→ **YOUR ASSIGNMENT**:
A verbatim copy of the records is required, with all pictures left out.

........

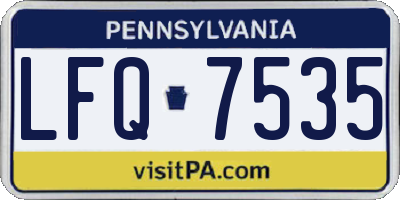 PA license plate LFQ7535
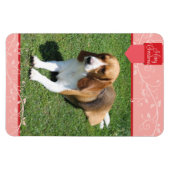 おしゃれな赤のタブ＆フレッシュ メリークリスマス マグネット (横)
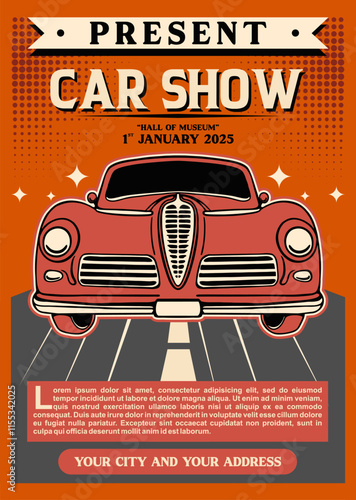 CAR SHOW POSTER DESIGN VECTOR ILLUSTRATION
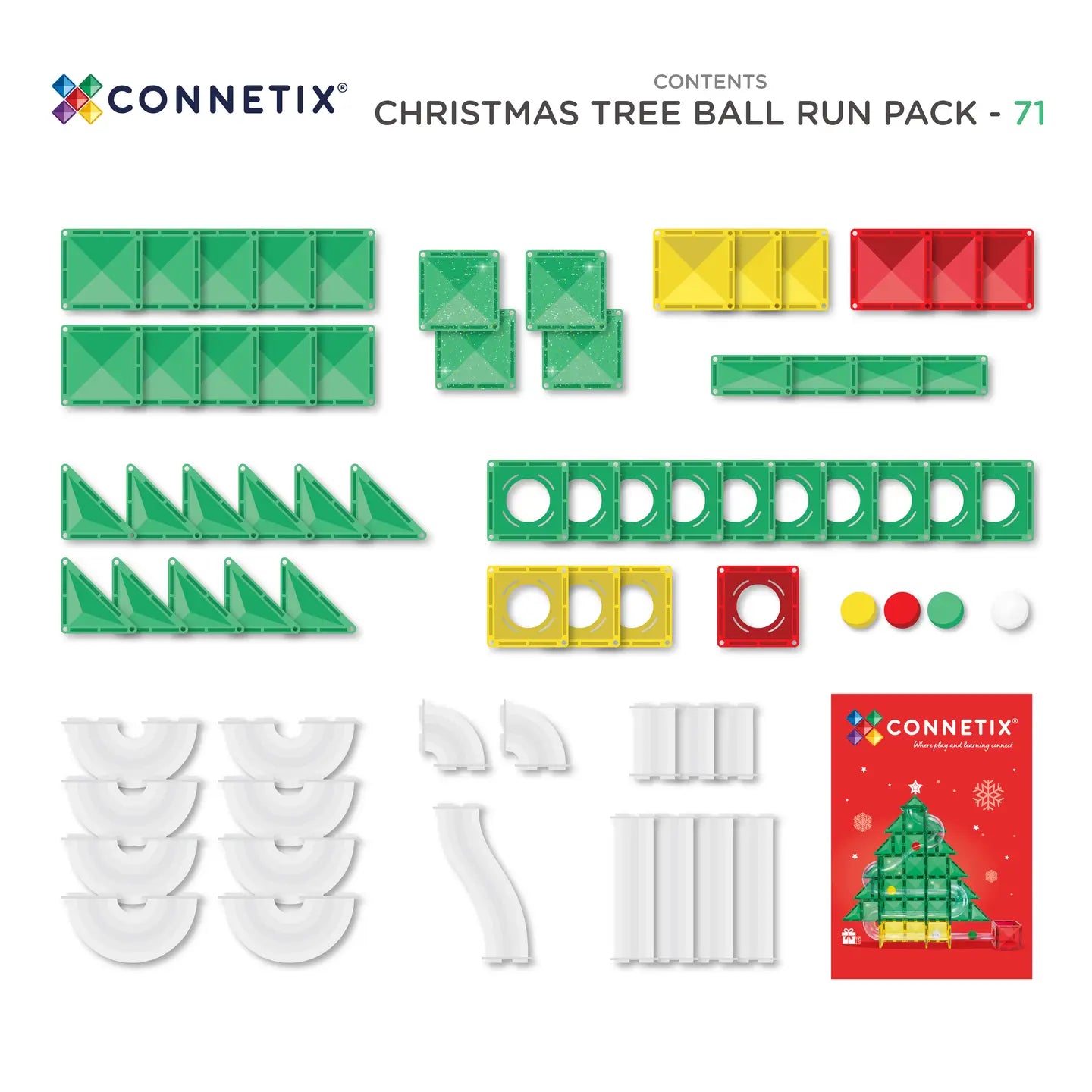 Special Edition Christmas Tree Ball Run, 71 Pieces Connetix Lil Tulips
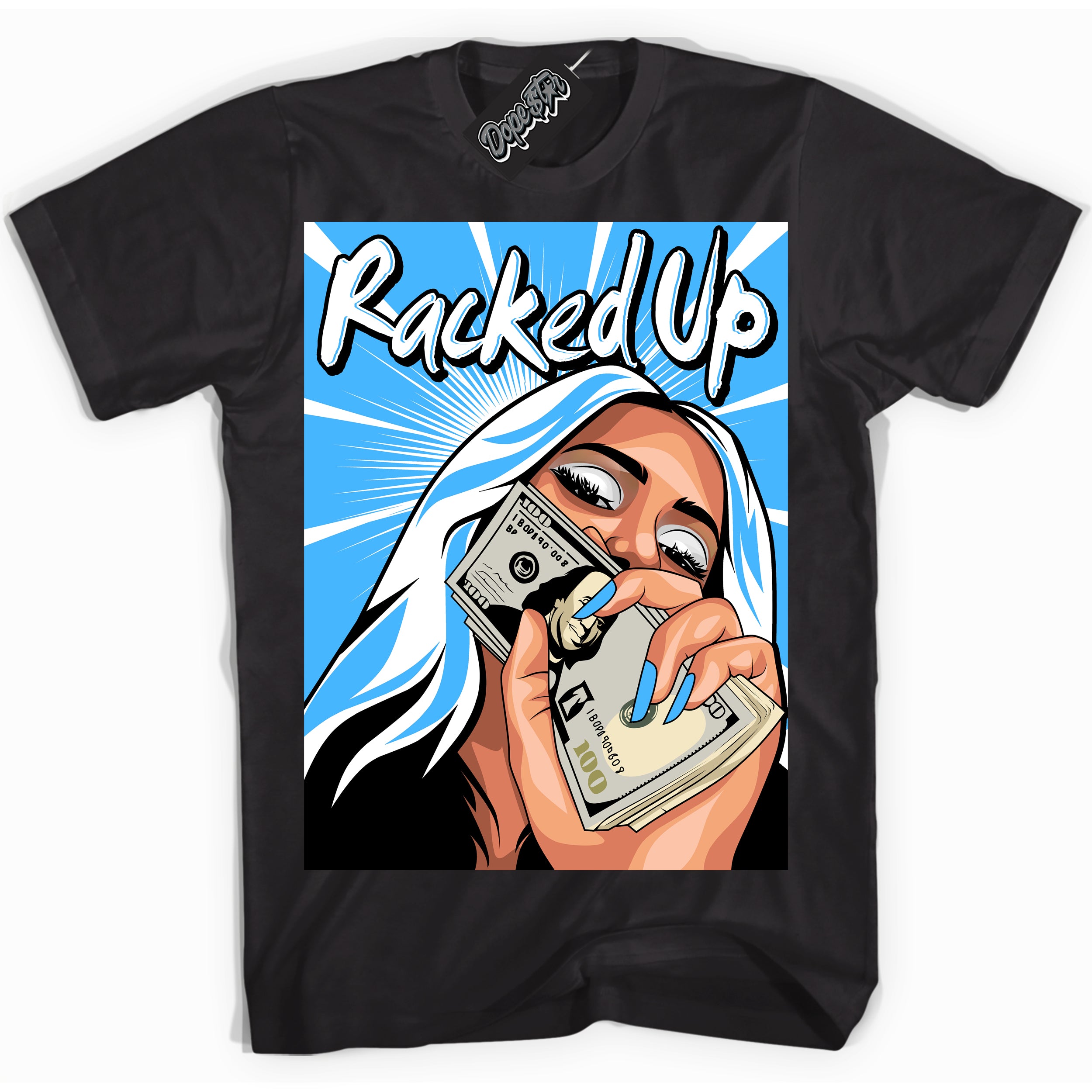 Cool Black graphic tee with “ Racked Up ” design, that perfectly matches Powder Blue 9s sneakers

........

→ **EXERCISE RESPONSE**:
 PA license plate LFQ7535
 おしゃれな赤のタブ＆フレッシュ メリークリスマス マグネット (横)
 CAR SHOW POSTER DESIGN VECTOR ILLUSTRATION
 Special Edition Christmas Tree Ball Run, 71 Pieces Connetix Lil Tulips
 Cool Black graphic tee with “ Racked Up ” design, that perfectly matches Powder Blue 9s sneakers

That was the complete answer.